Devlet-çete işbirliğiyle gerçekleştirilen bir katliam: Bahçelievler

Bu katliam bu topraklarda ne ilkti ne de son. Bu coğrafyanın toprakları her daim devlet için tehlike unsuru olarak görülenlerin kanlarıyla sulanmıştır. Devletin mayasında var olan bu zihniyet işçilere, emekçilere, kadınlara, gençlere, Kürtlere, Ermenilere, Alevilere yönelik sayısız katliamın altına imzasını atmıştır.

  • Haber
  • |
  • Güncel
  • |
  • 08 Ekim 2018
  • 11:32

Bahçelievler Katliamı’nın üzerinden 40 yıl geçti. 40 yıl önce, 8 Ekim 1978 tarihinde 7 TİP’li öğrenci kaldıkları evde faşistler tarafından hunharca katledildiler. Katliamda üniversite öğrencisi olan Latif Can, Efraim Ezgin, Hürcan Gürses, Osman Nuri Uzunlar, Serdar Alten, Faruk Ersan ve Salih Gevence yaşamlarını yitirdiler.
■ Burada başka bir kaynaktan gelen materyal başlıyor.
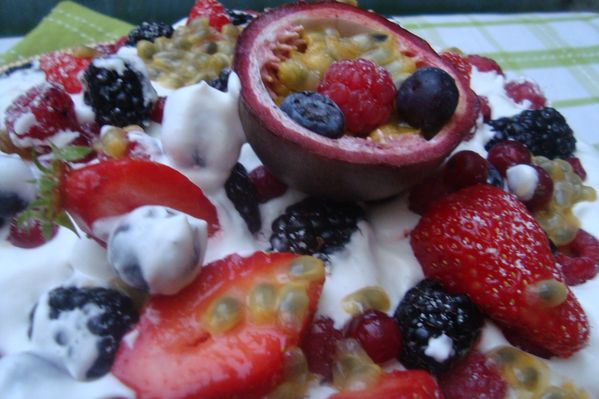 000 pavlova 19 mai (12)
Katliamın başrolünde devletin her türlü kirli işi için besleyip büyüttüğü azılı katillerden Abdullah Çatlı vardı. O gün Bahçelievler’deki evde bulunan 5 TİP’li öğrencinin kapı zili çalar. Faşistler kapının açılmasının ardından evde bulunan 5 kişinin ellerini arkadan bağlayarak yere yatırırlar. Katillerden Haluk Kırcı dışarı çıkar ve arabada bekleyen Abdullah Çatlı’ya ne yapmaları gerektiğini sorar. Azılı katil Çatlı ise ona eter ve pamuk verir. Öğrencilerin ilk önce bayıltılmasını söyler. Bu esnada kapı bir kez daha çalar. Bu kez zile basanlar, arkadaşlarını ziyaret için gelen Faruk Ersan ve Salih Gevenci’dir. Faşistler onların da ellerini bağlarlar. Ve dışarı çıkartarak arabaya bindirirler. Eskişehir Yolu’na getirirler. Burada bu 2 öğrencinin kafalarına üçer kurşun sıkarak katleden gözü dönmüş faşistler tekrar eve dönerler. Diğer 5 öğrenci vardır sırada. Faşist katillerden Haluk Kırcı ilk önce Osman Nuri Uzunlar’ı boğarak katleder. Ancak bu şekilde zaman alacağını düşünerek diğer 4 öğrenciyi de kurşunlarla katleder. Hepsinin öldüğünden emin olduktan sonra katliam çetesi evden ayrılır. Ancak öldü zannedilen Serdar Alten hâlâ yaşıyordur. Hemen hastaneye kaldırılır. Burada 7 gün boyunca verdiği mücadelenin ardından hastanede yaşama gözlerini yumar.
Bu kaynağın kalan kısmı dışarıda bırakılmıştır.